Finding Dynamic Strings in ELF Binaries
I'm currently working on reverse engineering some binaries extracted from the firmware for an ARM device. After some static analysis identifying functions, argument handling, etc.
I wanted to look for interesting dynamically created strings. The way I went about doing this was to setup a Raspberry Pi (since it also runs on ARM) and could likely execute the extracted binaries. I used to rcFileScan.py tool to identify dependencies and found a couple of custom libraries.
Next I installed the necessary source:
apt-get install libc6-dbg
(Run this one as a regular user, you may have to uncomment the sources line in /etc/apt/sources.list)
apt-get source glibc
I extracted the required custom libraries from the firmware and placed them in the same directory as the binary. Then I added the local directory to the PATH:
export LD_LIBRARY_PATH=$LD_LIBRARY_PATH:.
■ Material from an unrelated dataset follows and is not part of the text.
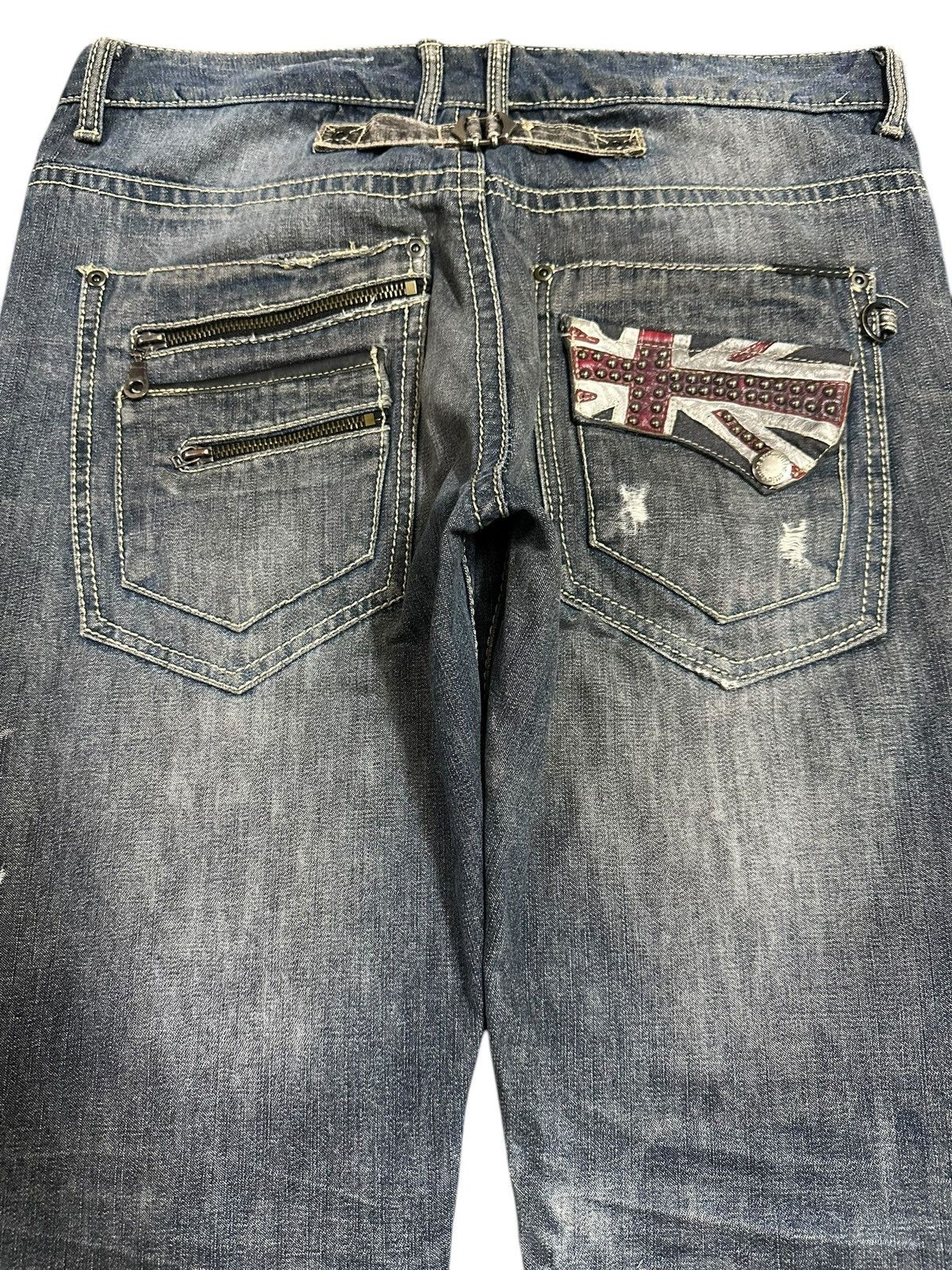 In The Attic Vintage Japan In The Attic Blue Wash Distressed Jeans Size US 32 / EU 48 - 5 Thumbnail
Next I ran the program in the debugger:
gdb /path/to/bin
Configure gdb:
set pagination off
break _start # Set breakpoint at the _start function.
run # Execute the program
It will break right away on _start.
Next I displayed functions. This might not work if the file has been stripped.
info functions
This printed out a large number of lines which looked something like this:
As well as things like this:
Notice the memory addresses are next to the functions. Next I copy and pasted the list of functions into a text file named functions.txt in another window. Then I ran a command to pull out just the memory addresses for the functions and put them in a file named breakpoints.gdb:
cat functions.txt | grep ' [^ ]*()' | awk '{print "break", $2}' > breakpoints.gdb
Then I loaded the breakpoints into gdb:
source /home/user/breakpoints.gdb
Next I configured the directory containing the libc source installed earlier:
directory /home/user
Then I continued the execution of the program a number of times, sometimes stopping to examine memory for specific functions like strcpy. Eventually, I stopped just before exiting and dumped memory to a file.
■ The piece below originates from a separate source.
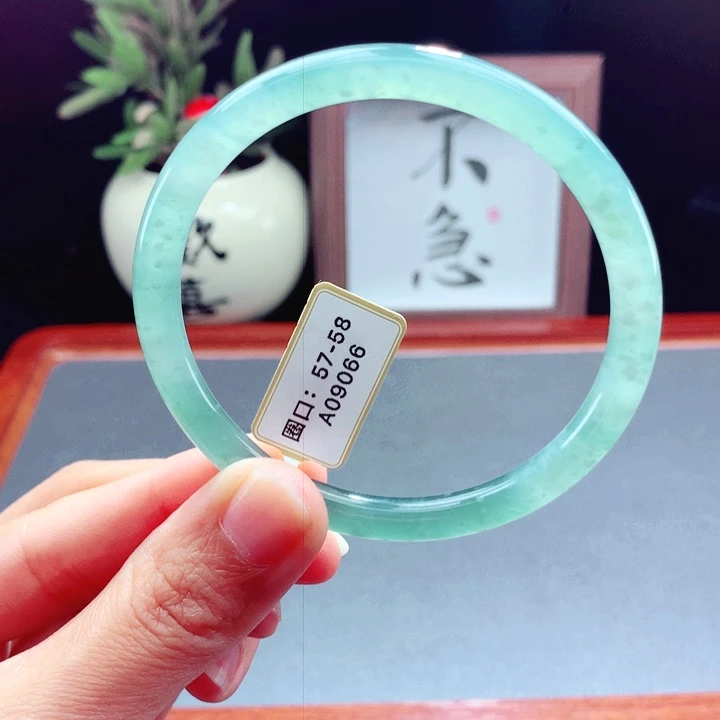 翡翠未镶嵌手镯圆镯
In order to dump memory first I had to view the memory layout:
info proc mappings
Mapped address spaces:
Start Addr End Addr Size Offset objfile
0x8000 0x9000 0x1000 0x0 /root/binary.elf
0x10000 0x11000 0x1000 0x0 /root/binary.elf
0xf7fbc000 0xf7fde000 0x22000 0x0 /lib/arm-linux-gnueabihf/ld-2.31.so
0xf7fee000 0xf7ff0000 0x2000 0x22000 /lib/arm-linux-gnueabihf/ld-2.31.so
0xfffcf000 0xffff0000 0x21000 0x0 [stack]
Then I dumped regions of memory of interest, for example the stack:
dump binary memory stack_memory_dump.bin 0xfffcf000 0xffff0000
If you dump multiple regions, you can combine these into a single file or analyze them separately. I also have a bash script I wrote for dumping a whole process memory space to a file, but that's for another post.
Now you can run strings on the dump files and see dynamically created strings:
strings --radix=o binary.elf
5524 fopen
5532 fseek
5546 fclose
5726 memcpy
5744 puts
6024 strncpy
6154 sprintf
6214 fread
6222 fwrite
6275 fgets
7601 _edata
7610 __bss_start
7642 __bss_end__
7656 __end__
7666 GLIBC_2.4
(I removed the useful product identifying strings for this post.)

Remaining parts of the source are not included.